No, evidence of the real crisis is found in its annual financial and ministry reports, which are summarized in the charts below.
While it is difficult to trace the precise timing of MBI’s current crisis – given that online financial records begin in 2005 – several contributing factors are clear enough. First among equals is when mainstream publishers discovered the lucrative world of evangelical publishing in the 1980s, and consolidation ensued. Where the sector once was dominated by mid-sized firms, most major evangelical publishers today are subsidiaries of publicly-traded behemoths like News Corp. They have access to resources that dwarf independent publishers like Moody. Today, sure-sellers already have a platform and a following; they go with the deepest pockets, or perhaps form their own in-house publishing concern. Only the unknown, risky, propositions need the validation of the Moody brand.
That MBI’s publishing revenues have recovered to pre-recession levels is no small accomplishment, but signs of future trouble abound.
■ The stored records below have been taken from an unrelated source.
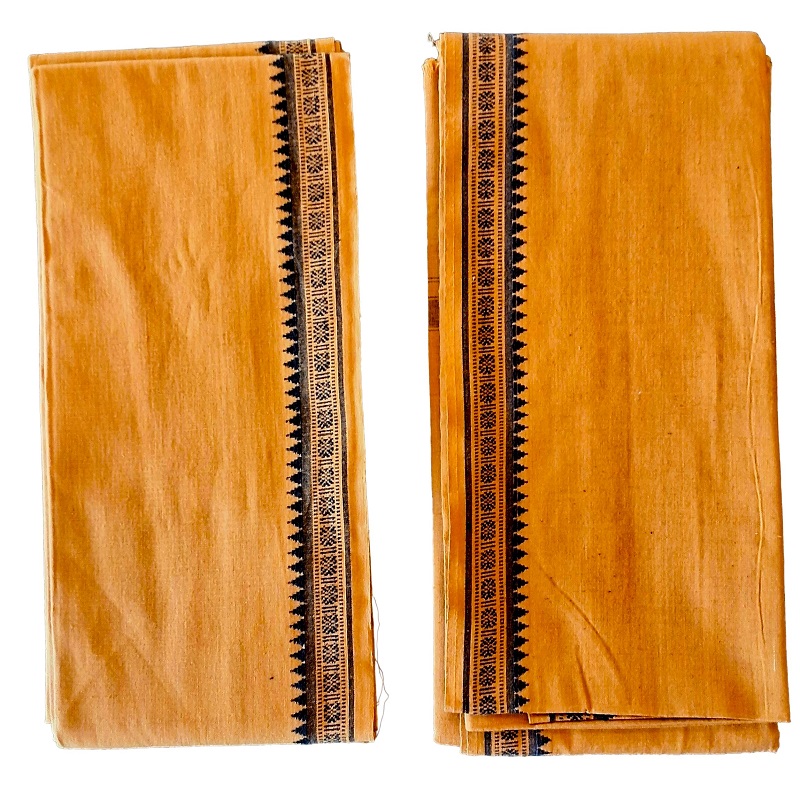 Hand woven Gamuccha GS-COT-086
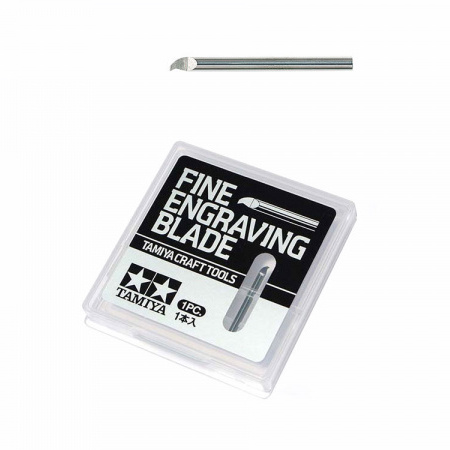Tamiya 74145 Blade for engraving 0.15 mm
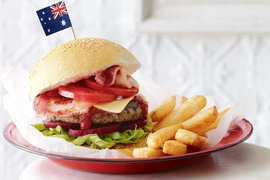 Australian Burger - National Main Courses in Australia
While Moody Press published 120 new titles annually in the 1960s, last year it released only 56. Annual ministry reports suggest their most profitable title is Gary Chapman’s The Five Love Languages, first published in 1995. I’m no expert in this sector, but I see no equivalent on their current roster. This lack of marquee authors hurts their bottom line today and diminishes their brand in the future.
Moody Radio shows similar signs of stagnation. The million listeners it reaches weekly is unchanged from the decade before. Media forecasters predict steep declines in radio audiences, displaced by the fractured world of podcasts, streaming music, and other on-demand services. Where Moody could have positioned itself as the evangelical NPR of religious podcasting, it is frantically playing catch-up instead.
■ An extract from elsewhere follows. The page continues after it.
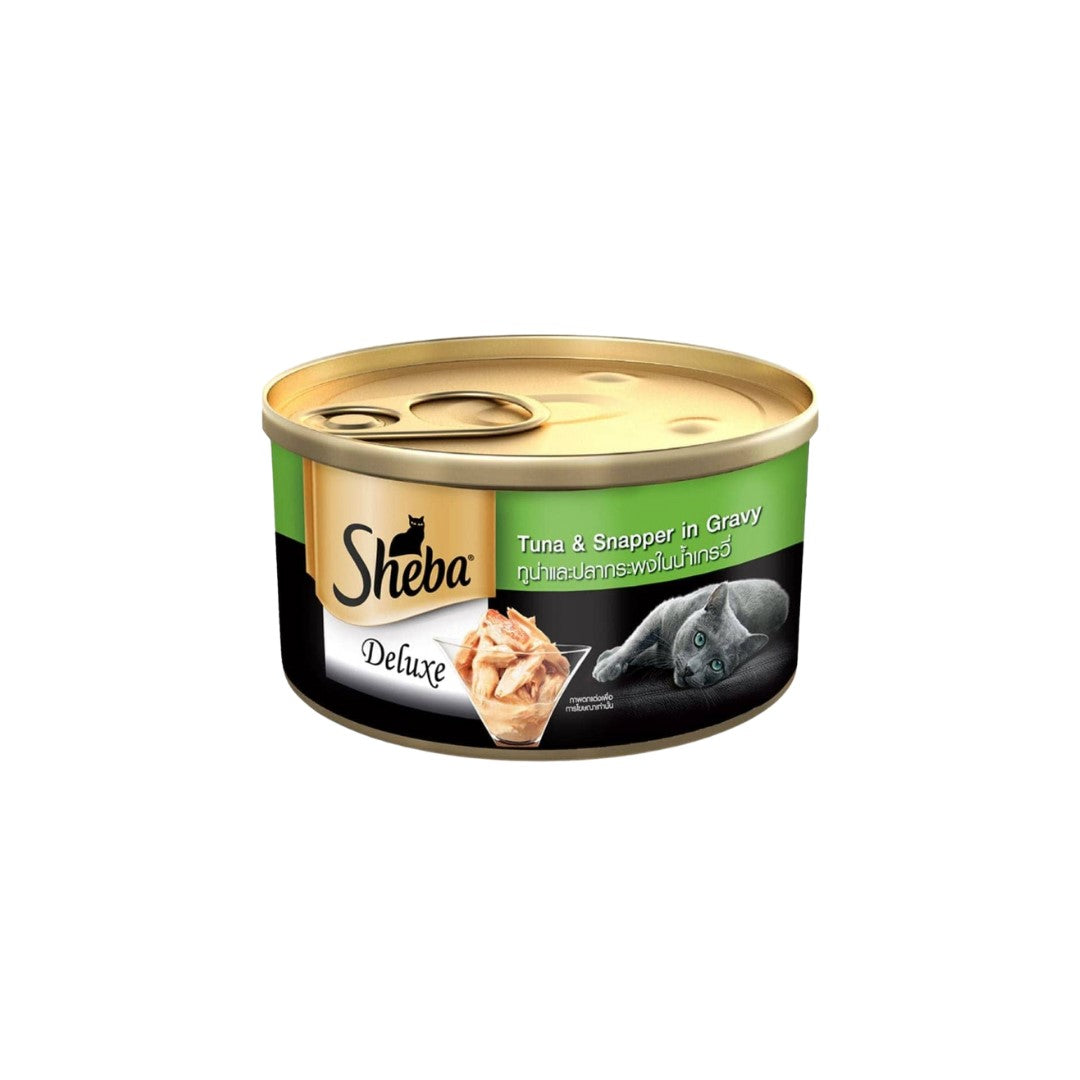 Sheba Tuna & Snapper in Gravy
MBI’s biggest miscalculation came with its flagship magazine, Moody Monthly. Like many other periodicals, subscriptions had fallen calamitously in the 2000s. But while others cut costs and shifted operations online, MBI shuttered the magazine through which it had spoken into the issues of the day for a century. This effectively rendered MBI mute; alienating the Moody brand from its longstanding corporate personality.
Having rested on the laurels of its old media empire for thirty years, MBI is paying the price today. Evidence of its severely weakened brand is starkly represented in its donation revenues; adjusted for inflation they have yet to recover to 2005 levels. The only thing preventing truly apocalyptic budget shortfalls are increased revenues from student fees. (Today they constitute 31.4% of MBI’s total income, versus 16.5% in 2005.) The cost of providing education has risen also, and now makes up over half of total expenses, up from 42% in 2005.
But this focus on education is a historical anomaly at MBI, and given the state of higher education, as risky as a hand of cards with Jerry Jenkins. When enrollment declines, as happened last year, the fixed costs remain. From this perspective, the decision to shut down its Spokane campus may simply be a return to its traditional ratios. MBI’s newest building project, the Gary D. Chapman Center, seems to be another investment in public ministry. Opening this spring, it will house both the publishing and radio departments and provide space for new digital publishing and multimedia production.
But all this will be for naught without a concerted effort to rehabilitate the Moody brand. As it stands, the 79 million self-identified evangelicals who have never listened to Moody radio are as mystified by the “Moody” label as the average Katy Perry fan. For these evangelicals, the names that they trust lie elsewhere.
Moody has become the Sanka of evangelical brands; it’s still around, but you probably don’t know it. Whether Moody is still with us in twenty years remains to be seen.